2Q15 AND CY15 FINANCIAL GUIDANCE

Energen’s estimated expenses, excluding San Juan Basin divestiture, are as follows:

Per BOE, except where noted2Q15CY15
LOE (production costs, marketing & transportation) $10.15- $10.95 $10.15-$10.95
Production & ad valorem taxes (% of revenues, excluding hedges) 8.8%
DD&A expense $24.60-$26.10 $23.50-$25.75
General & administrative expense, net* $6.04 $5.68
Exploration expense (seismic, delay rentals, etc.) $0.30-$0.40 $0.40-$0.55
Interest expense ($MM) $10.5-$11.5 $40.0-$50.0

* Excludes $0.33 per BOE in 2Q15 and $1.53 per BOE in CY15 for pension and pension settlement expenses.

2Q15 and ROY 2015 Hedges

For the remaining 9 months of 2015, approximately 55 percent of the company’s production guidance midpoint of 17.3 MMBOE is hedged. Hedges also are in place that limit the company’s exposure to the Midland to Cushing differential.
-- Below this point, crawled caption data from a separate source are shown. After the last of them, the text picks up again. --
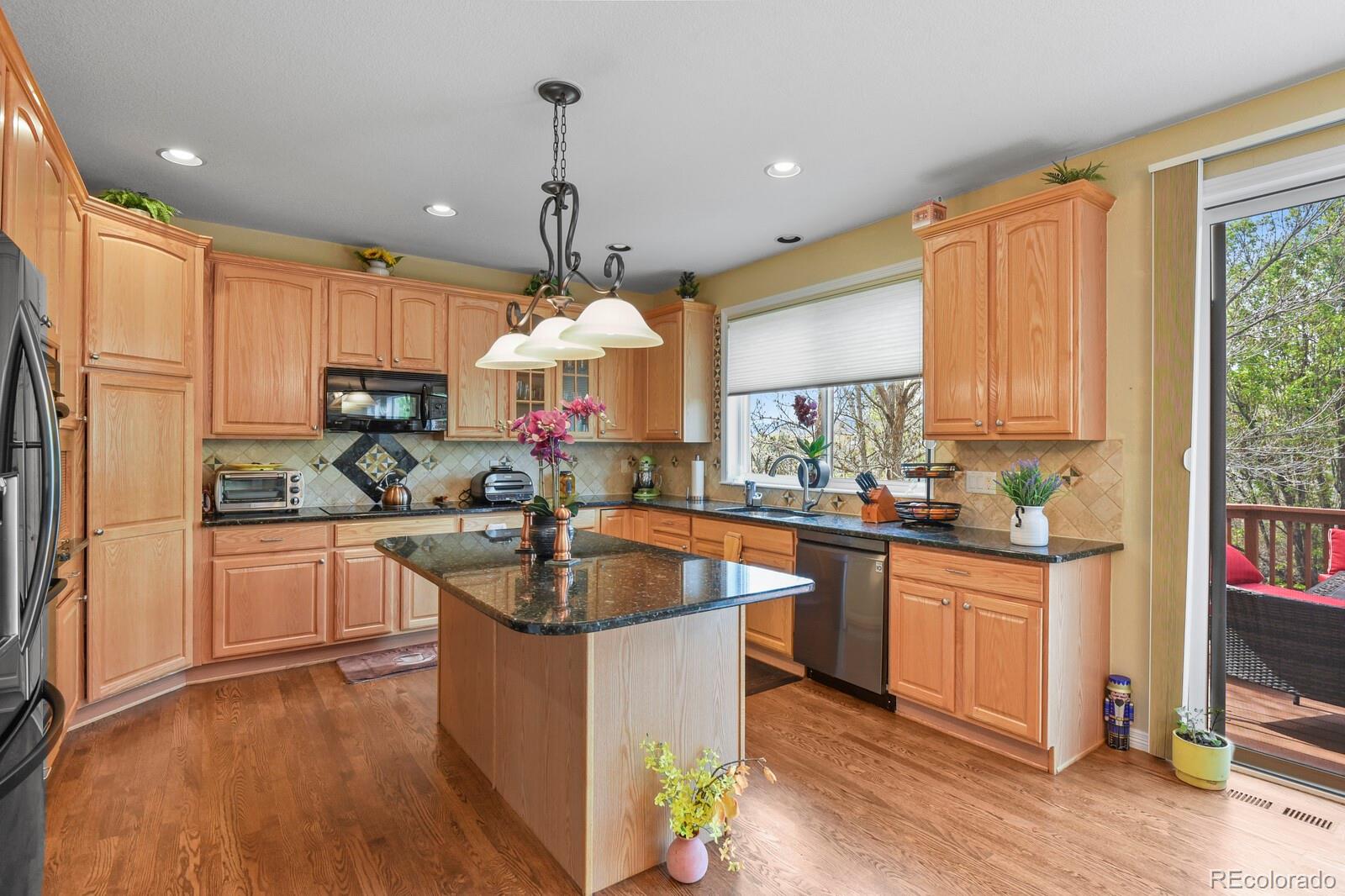 MLS Image #14 for 9536 w avalon drive,littleton, Colorado
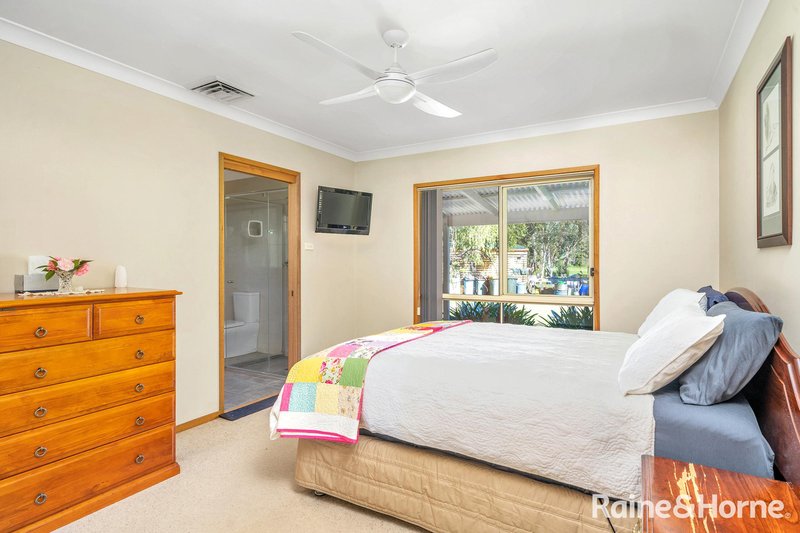 Photo - 9 Gum Tree Lane, Kangaroo Valley NSW 2577 - Image 12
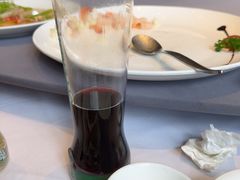 -苏浙汇(南京西路店)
Energen has hedged the WTS Midland to WTI Cushing (sour oil) differential for 1.6 million barrels of oil production at an average price of $4.30 per barrel and the WTI Midland to WTI Cushing (sweet oil) differential for 5.7 million barrels at an average price of $4.55 per barrel. Energen estimates that approximately 80 percent of its oil production for the remainder of the year will be sweet. Gas basis assumptions for all open contracts (May-December) are $0.22 per Mcf (basis actuals in April were approximately $0.22 per Mcf).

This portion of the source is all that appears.